Diego Cifuentes (Max-Planck Institute for Mathematics in the Sciences)
Title: Graphical structure in polynomial systems: Chordal networks
Abstract: The sparsity structure of a system of polynomial equations or an optimization problem can be naturally described by a graph summarizing the interactions among the decision variables. It is natural to wonder whether the structure of this graph might help in computational algebraic geometry tasks (e.g., in solving the system). In particular, the notion of chordality and treewidth play a pivotal role in related areas such as numerical linear algebra, database theory, constraint satisfaction, and graphical models. Our main contribution is the introduction of a new representation of structured polynomial systems: “chordal networks”. Chordal networks provide a computationally convenient decomposition of the system into simpler (triangular) polynomial sets, while maintaining its underlying graphical structure. We illustrate through examples from different application domains that algorithms based on chordal networks can significantly outperform existing techniques.

Laura Escobar Vega (University of Illinois at Urbana-Champaign)
Title: Brick varieties and polytopes
Abstract: The n-dimensional associahedron is a simple polytope with vertices corresponding to the triangulations of a convex (n+3)-gon. Pilaud and Santos defined the brick polytopes and used them to construct the associahedron. I will define the brick variety, show how these polytopes are constructed from this variety, and give consequences of the construction.

Jose Israel Rodriguez (University of Chicago)
Title: Factoring graphs, matrices, and polynomials as tensor products
Abstract: The tensor or Kronecker product of two matrices is well-known. The tensor product of two graphs is one whose adjacency matrix is given by the tensor product of the adjacency matrices of the respective graphs. The tensor product of two (univariate) polynomials is one whose companion matrix is given by the tensor product of the companion matrices of the respective polynomials. These tensor products are category-theoretic products in the respective categories. We discuss how graphs, matrices, and polynomials may be factored into irreducible factors with respect to these tensor products. We use the Newton--Girard formulas and homotopy continuation to find the decomposition. This is joint work with Lek-Heng Lim.

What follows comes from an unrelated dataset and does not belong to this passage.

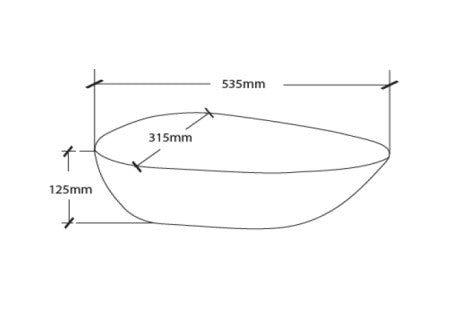LAVABO DE SOBREPONER AERO SIN PERF. AMER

Pablo Soberon (Northeastern University)
Title: A gem in discrete geometry: Tverberg's theorem
Abstract: Tverberg's theorem is a central result of combinatorial geometry. It has far-reaching applications and variations, and has been a source of interesting open problems for over fifty years. During this talk I will describe some of my favorite variations, the different ideas involved in their proofs and how they have shaped my mathematical journey.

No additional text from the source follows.